The IL-2/IL-2R pathway is constitutively activated in most HTLV-I–transformed cells in vitro as well as in most ATLL cells in vivo.52,53 However, ATLL cells in vivo likely need several signals to survive and replicate. The inability of HTLV-II to activate this pathway,54 coupled with the lower efficiency of Tax2 activation of the Bcl-X_L promoter, may affect the survival of HTLV-II–infected T cells in vivo.

In most cases, up-regulation of Bcl2 and/or Bcl-X_L is not sufficient for tumor expansion in vivo, and leukemia may result when Bcl2 and/or Bcl-X_L cooperate with other oncogenes, such asc-Myc or Ras.55,56 Interestingly, HTLV-I Tax has been shown to increase expression ofc-Myc,57 which correlates with an increased neoplastic potential of HTLV-I Tax in transgenic mice.58 In addition, it has also been demonstrated that HTLV-I Tax cooperates withRas in fibroblast transformation in vitro.59 60Further studies are needed to determine whether HTLV-II Tax is also able to increase expression and/or cooperate with these oncogenes.

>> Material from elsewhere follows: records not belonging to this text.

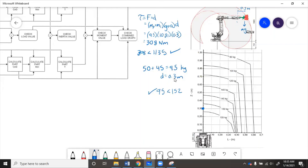Finally, we have to do the reach analysis. This is something we can do by putting the robot in CAD and actually dragging it around to the different points it needs to reach. More on that in a later video.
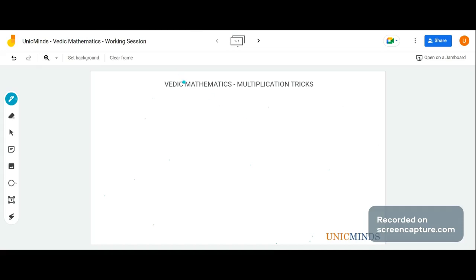Hi, welcome to Unique Minds. In this class we will look at the most common multiplication tricks of Vedic mathematics. We will cover the base multiplication method and also see some other techniques.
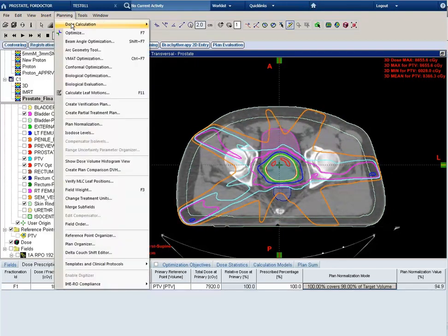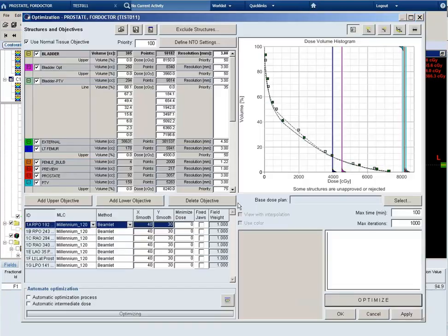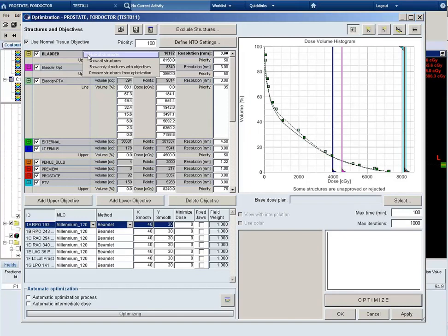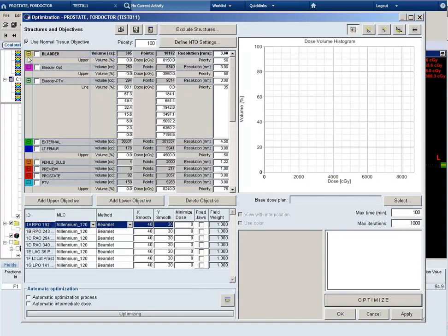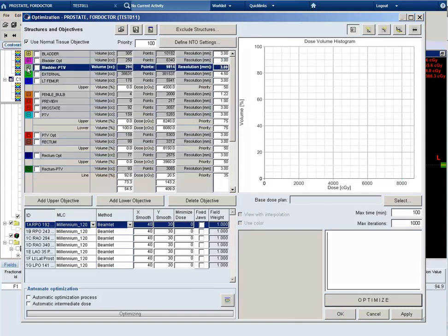So let's go to planning and optimize and change some priorities here. I'll select start again and say OK. And once I'm in the optimizer, I'm going to transfer the constraints from the PTV to the PTV opt.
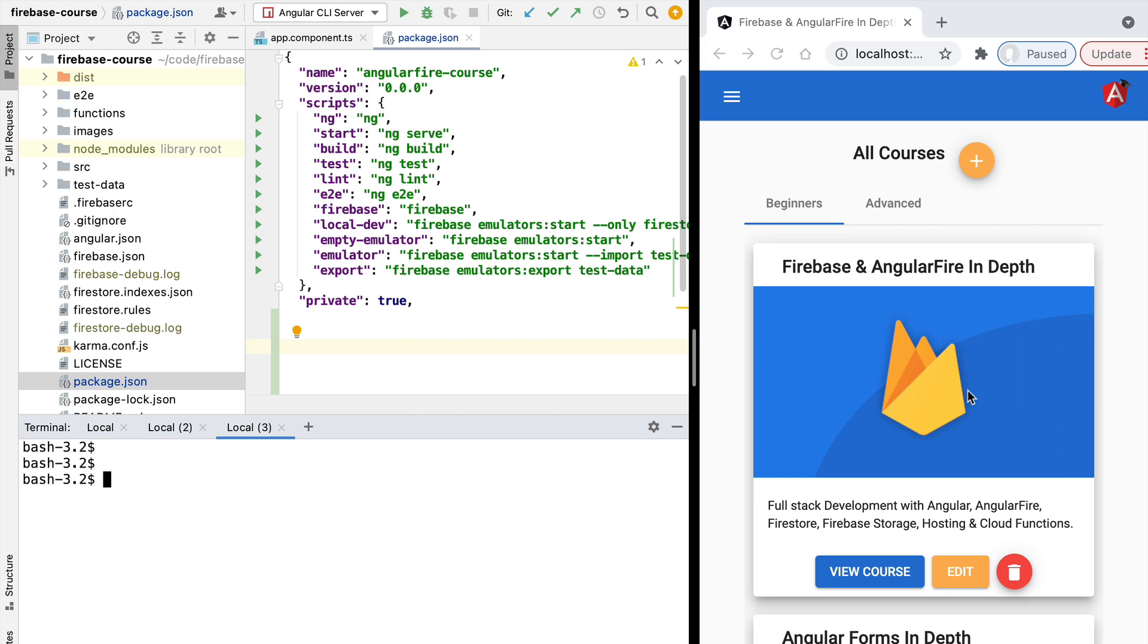So now that we understand why Firebase Cloud Functions are useful, let's talk about exactly what are Firebase Cloud Functions. Let's talk about how to set them up in our project and let's learn how to develop them locally using the emulator. This is coming right up in our next lesson.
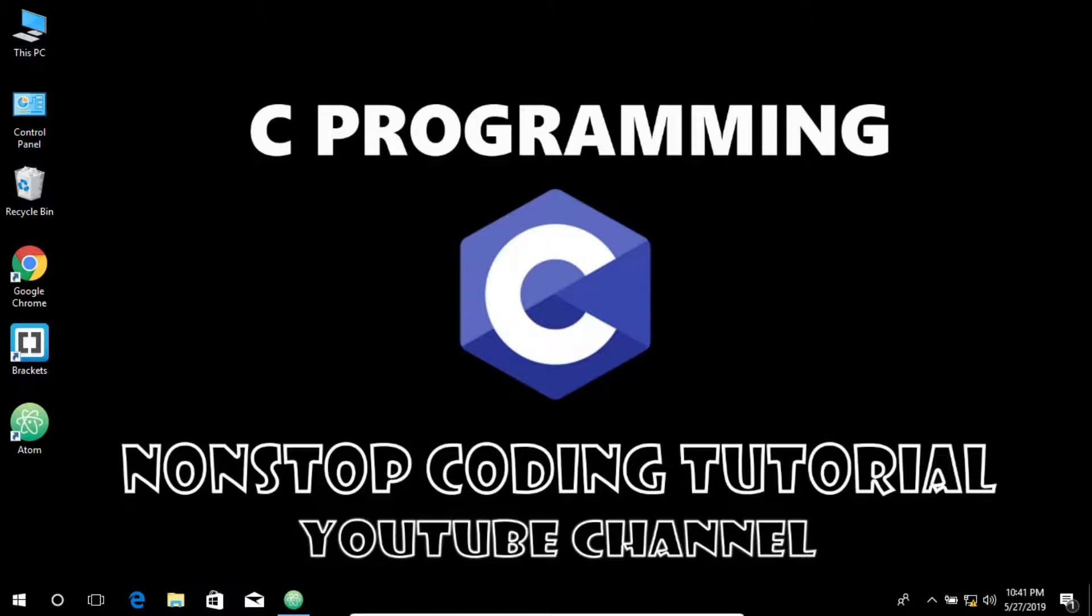In this video, I will show you how to learn C coding in the easiest way you can imagine. What are you waiting for? Let's get started.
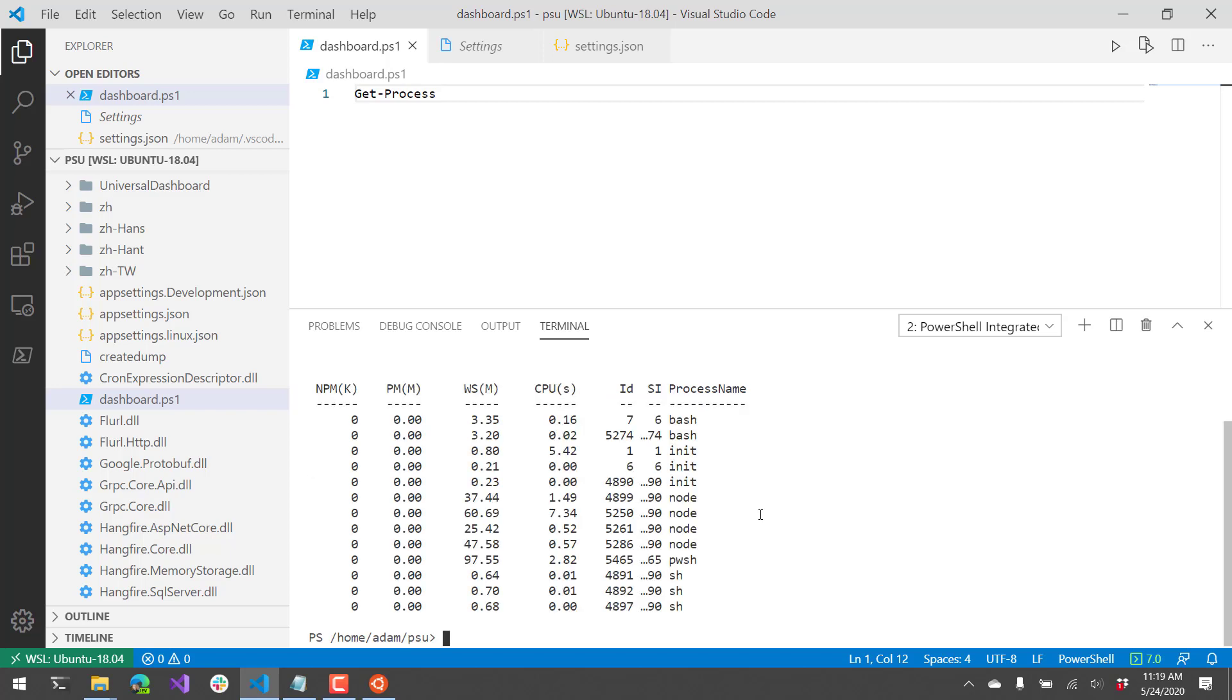So in this video I just kind of went over how to get up and running debugging PowerShell or running PowerShell inside VS Code for WSL. And if you like this video, subscribe for more.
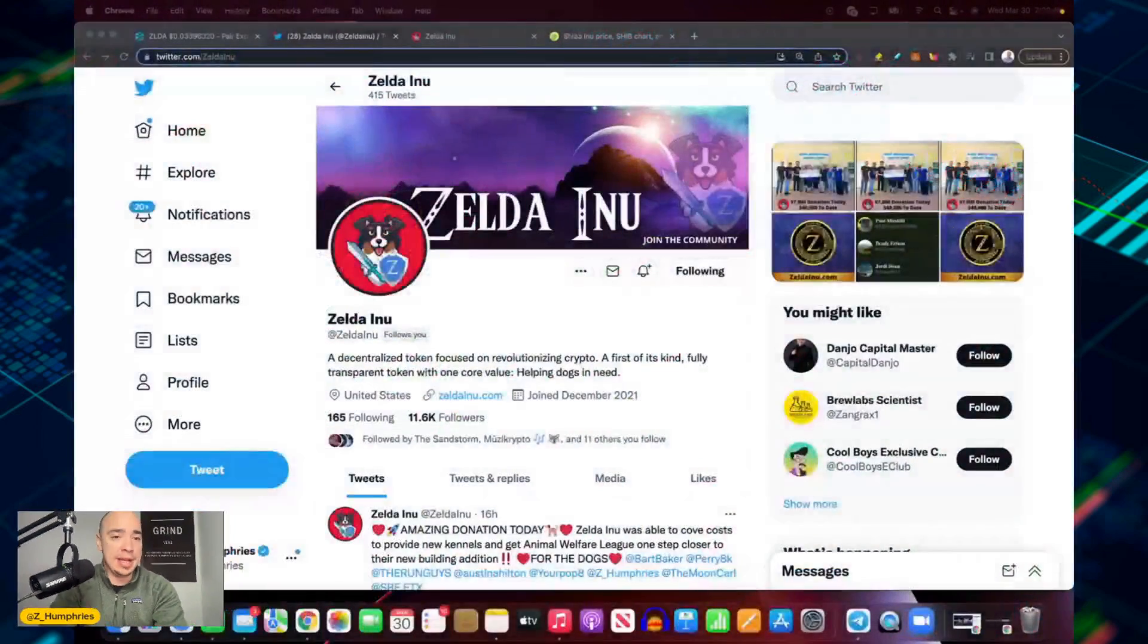Hey, what's going on everybody, welcome back to the channel. So Zelda Inu is taking the approach of giving back to the community and helping dogs. They are continually giving back and just gave back another donation to a rescue. We're going to take you inside here and show you exactly what I'm talking about.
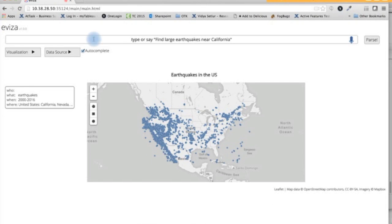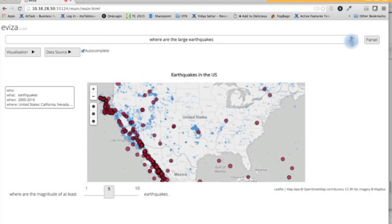Where are the large earthquakes? Our system maps the term 'large' to a data attribute called magnitude and sets the value to be five based on some semantics. Evisa also supports pragmatics and multimodal interactions.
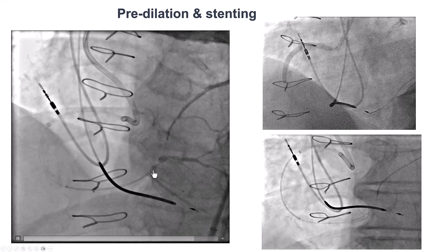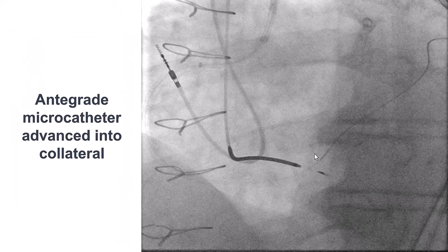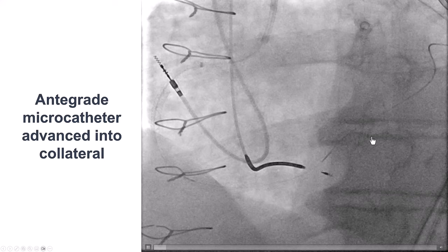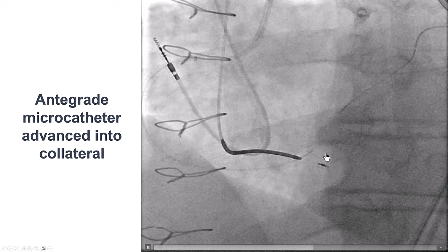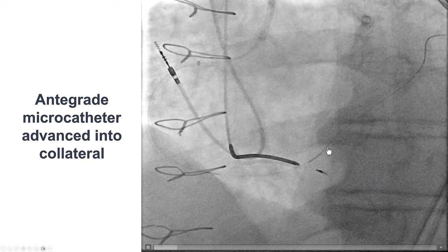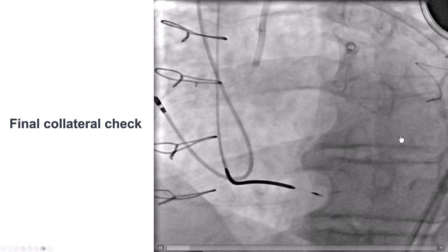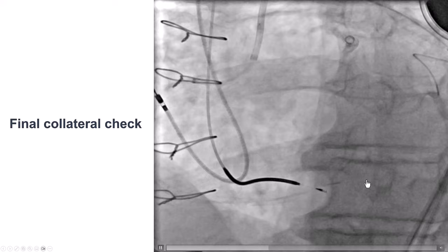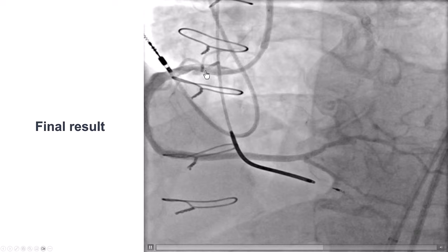We decided to stent into the posterolateral — long stents, essentially all the way to the ostium of the right coronary artery. After we were done stenting, we wanted to remove the retrograde equipment, but there is always the concern about damage or perforation of the epicardial collateral. To minimize risks, we advanced a microcatheter from both directions — antegrade and retrograde — then removed the guidewire and injected from both sides to confirm no perforation. There was indeed no perforation, and a nice result was achieved with good flow into the distal right coronary artery.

The finding that ex vivo ATLL cells from HTLV-I–infected patients also have higher levels of Bcl-X_L expression than PBMCs from uninfected donors validates the observations made in HTLV-I–infected T cells in vitro. In the case of HTLV-II, however, it is unfeasible to validate in vitro observations because very few HTLV-II–infected cells are present in the blood of HTLV-II–infected individuals. Bcl-X_L also increases the mutagenesis rate61and promotes resistance of tumor cells to chemotherapy or radiotherapy.62 63 As a result, Bcl-X_L may increase the survival of infected T cells with consequent accumulation of genetic mutations that may predispose HTLV-I–infected individuals to the development of ATLL. In addition, it is tempting to speculate that the reduced activity of Tax2 on the Bcl-X_L promoter may be associated with a lower long-term survival of HTLV-II–infected cells in vivo and, consequently, a reduced probability to develop leukemia.